Assessing HRD assays in diverse patient populations is critical, since the sensitivity and specificity of these assays may differ due to unique tumor and patient characteristics. For instance, LGRs may not be detected by currently used HRD assays, which is critical for selected patients [36,37,38]. LGRs involve types of genetic variants that alter significantly part of a gene, frequently encompassing one or more adjacent exons. LGRs can be a result of deletion, duplication or inversion and, therefore, can disrupt the sequence of a gene, resulting in a loss of function of tumor suppressor genes. Next-generation sequencing approaches are optimally designed to detect single nucleotide variants and small indels, with LGRs being frequently neglected. Identification and characterization of LGRs are essential in both germline and tumor testing, especially in populations with high incidence rates of these phenomena. In fact, in the Greek population, there have been identified four LGRs disrupting the BRCA1 C-terminal (BRCT) domain of BRCA1 and one LGR deleting exons 12 and 13 of BRCA2, all of which have been shown to be founders. Among Greek patients with breast and ovarian cancer, BRCA1 and BRCA2 LGRs alone comprise up to 24% of pathogenic variants identified in BRCA1 and BRCA2 [39,40,41,42,43,44,45]. In our study, selected LGRs were not detected by the assays under evaluation. It is evident, therefore, that methods failing to detect LGRs will miss a considerable fraction of genetic events that will be impactful on prevention and treatment. Ways to overcome this limitation, especially in populations where these alterations are more commonly identified, are needed.
Despite the small patient population in our study, several questions arise for the use of HDR assays in daily clinical practice. First, in our study, we noted selected tumors with BRCA1/2 mutations but with low GI scores, either assessed by Myriad MyChoice or an alternative HRD assay. Whether these patients derive equal benefit from PARPi to patients with high GI scores remains to be elucidated. Second, selected patients have tumors with HRD GI scores just below the cut-off used for HRD positivity. These patients may also benefit from PARPi. The utilization of the GI score as a continuous variable or additional methods to assess benefit from PARPi might merit higher predictive value. Third, analysis of selected tumor tissue samples derived inconclusive results despite appropriate quality control metrics of the respective samples. It is critical to determine the optimal management for patients with inconclusive results. Another question that arises is whether the number of patients for whom a physician’s clinical decision regarding the use of PARPi would be altered based on the different HRD result (i.e., HRD vs. not HRD or HRD vs. indeterminant) is significant. Due to the small sample size and our trial design, it was difficult to conduct such an analysis and, therefore, larger trials are needed to shed some light into this matter. Finally, in our study, we demonstrated that analyses of different tumor tissue samples from the same patient provided certain discordant results in terms of GI status.

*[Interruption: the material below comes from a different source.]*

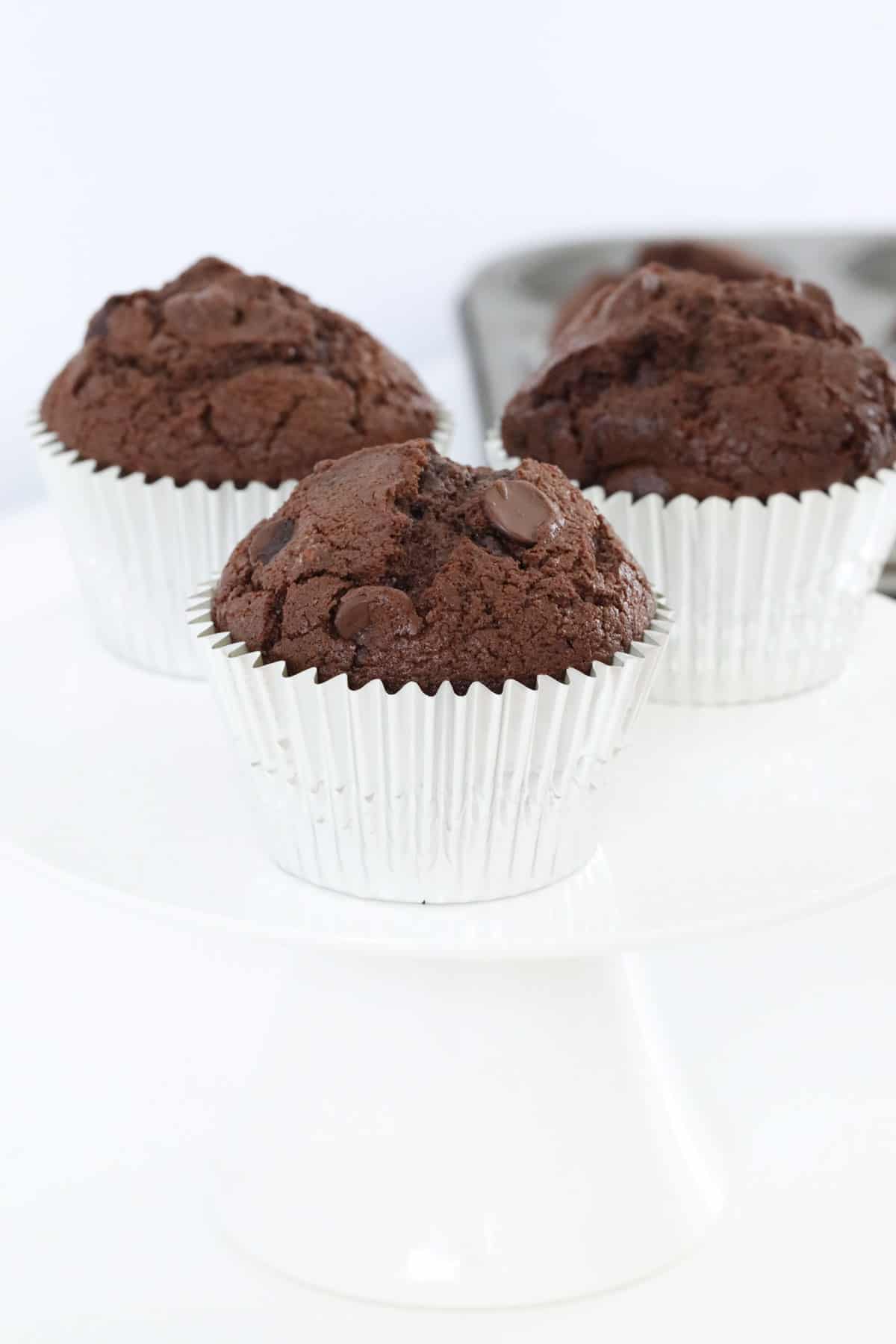 Chocolate muffins in silver muffin cases on a white cake stand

Selecting the most appropriate tissue sample is of great clinical significance, as it sets the base for patient treatment selection.
While a significant proportion of patients will benefit from PARPi, the majority will eventually recur. Diverse mechanisms of resistance have been implicated in resistance to treatment with PARPi [46,47]. Treatment strategies to overcome resistance, including combinations of PARPi with antiangiogenic agents, PI3K/AKT pathway inhibitors, epigenetic drugs and ATR/CHK1 inhibitors are being evaluated [46,47].
Limitations of our study include the retrospective nature and the relatively small number of tumor tissue samples. In addition, a different number of samples was evaluated by each alternative assay, further limiting the head-to-head comparison of these assays. Finally, despite the presence of fully annotated clinical data, our study was not powered to address correlations with clinicopathological and outcome data. Strengths of our study include the evaluation of two alternative assays assessing HRD status, the use of the same tumor tissue block for all three assays, the use of the same DNA aliquot for the two alternative assays and the single-blinded design of the analysis, with the different labs evaluating the alternative assays not being aware of the initial HRD status and GI score provided by the Myriad MyChoice assay.

5. Conclusions

In conclusion, our study demonstrated high concordance between the Myriad MyChoice assay and each assay under evaluation, including the AmoyDx® HRD Focus Panel and OncoScan™. Having multiple available assays to identify patients with HRD-positive tumors is critical to ensure sufficient diagnostic capacity across different countries, as well as to provide greater variety for clinicians and diagnostic laboratories. Factors that need to be taken into account when selecting a method to assess HRD status include the sensitivity and specificity of the method, cost and reimbursement potential depending on the country, turnaround time, and the availability of local molecular laboratory testing. Importantly, prospective independent validation of each assay is critical to ensure the accurate selection of patients who will benefit from PARPi, while sparing the rest from unnecessary treatment and toxicity.

Supplementary Materials

The following supporting information can be downloaded at: https://www.mdpi.com/article/10.3390/cancers15235525/s1, Table S1: Cut-off optimization; Table S2: Concordance metrics on Myriad MyChoice and AmoyDx® HRD Focus evaluating BRCA1/2 mutations in terms of BRCA1/2 status as a categorical variable (BRCA1/2+: P/LP variants identified–BRCA1/2−: no variants identified).

Author Contributions

Conceptualization, E.F. and Z.S.; formal analysis, T.C. and G.K.; investigation, K.P., P.C., A.T., G.T., G.P. and F.F.; resources, E.F., S.K., A.K., D.M., A.N., Z.S., M.L. and G.F.; writing—original draft preparation, E.F., K.P., G.K., P.C., A.T., G.T. and F.F.; writing—review and editing, T.C., S.K., A.K., D.M., A.N., Z.S., G.P., G.F. and M.L. All authors have read and agreed to the published version of the manuscript.

Funding

The study was partially funded by AstraZeneca Hellas, by a Hellenic Cooperative Oncology Group (HeCOG) internal research grant and by a Hellenic Society for Medical Oncology (HeSMO) grant.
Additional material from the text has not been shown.